I’m sorry I disappeared. I’m sorry I haven’t written in two months. It’s just that every time I sat down to write, my words were bitter and resentful. It never turned into something I could post, nor something you would ever want to read. I suppose I’ve learned a lot in the past two months, but they certainly are lessons I could do without.
The most important thing that has been revealed involves a pattern in my choice in men. Boys, rather. In my choice in boys, because I can’t seem to recognize a man when I see one. Maybe I’ve never seen one. I am attracted (unknowingly) to guys who lack ambition, who can’t hold a job, who emotionally manipulate and use people like me who are simply trying to see the best in others. I’m not here to be someone’s mother. I don’t like being someone’s mother. If I am to ever be in a long-term relationship again, I need a supportive partner. Someone with their own life; their own interests.
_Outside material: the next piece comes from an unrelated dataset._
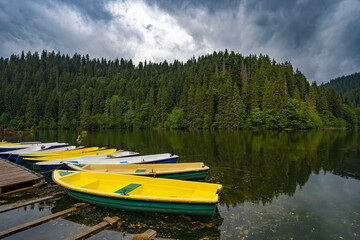 dock with boats on Red lake, Romania, against forested hills and dramatic rainy sky, beautiful...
“I love how awesome you are.” This is what the last guy told me, which at first seemed like a compliment, but the more I let it steep, the more I realized that the statement perfectly summed up my dating life. No one has ever loved me. No one has ever taken the time to get to know me, see me for who I really am. This is perhaps one of my faults, but I am really hard to get to know. If you never ask me a question, I will absolutely never reveal a single thing about myself (except for these writings, of course, but let’s be honest, these are all really vague).
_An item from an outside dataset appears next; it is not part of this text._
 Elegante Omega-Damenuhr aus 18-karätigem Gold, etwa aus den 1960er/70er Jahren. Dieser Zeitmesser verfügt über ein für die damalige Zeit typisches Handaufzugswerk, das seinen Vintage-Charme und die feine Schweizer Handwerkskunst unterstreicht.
So these people fall in love with who they think I am, whatever side I’ve revealed to them, whatever they want to see – the intellectual, the musician, the artist, the athlete, the curator. No one asks me questions anymore, but people sure love talking about themselves. So yes, you love how “awesome” I am, but you’ll never love me. I need someone who loves me, and I’m starting to realize that this is not going to happen. Not anytime soon anyway. And I don’t want it to happen anytime soon, because I need to get started on my career, adding one more thing to my “awesome” list.
I have my own list, by the way… a list of characteristics that my “ideal man” would need to check off in order to be a good candidate. But that list must be missing some serious personality traits, because I have repeatedly put myself in situations, dangerous situations, with men who lie, misrepresent themselves, and withhold serious information. I need to stop dating people who “want to go back to school” or who work a shitty job “for now” and start dating those who are on a direct track toward meeting real goals.
But who am I to judge? Sometimes it feels unfair to set these restrictions when I’m the one working a temp job completely opposite my passions. When I’m the one who’s been sitting on her ass since graduation with no job offers to boast. I’m the one in debt. I’m the one with a terrible dating record. I’m the one still being supported by her parents.
Looks like I’m not ready for the dating world either, so I’m spending the next two months focused on my career. Something needs to happen. Soon. I’m going to make a big move in April that will jumpstart that change, but for now it’s all networking and applying for positions. Let me know if you need a curator. A passionate, not-a-man-in-sight single, career-driven curator.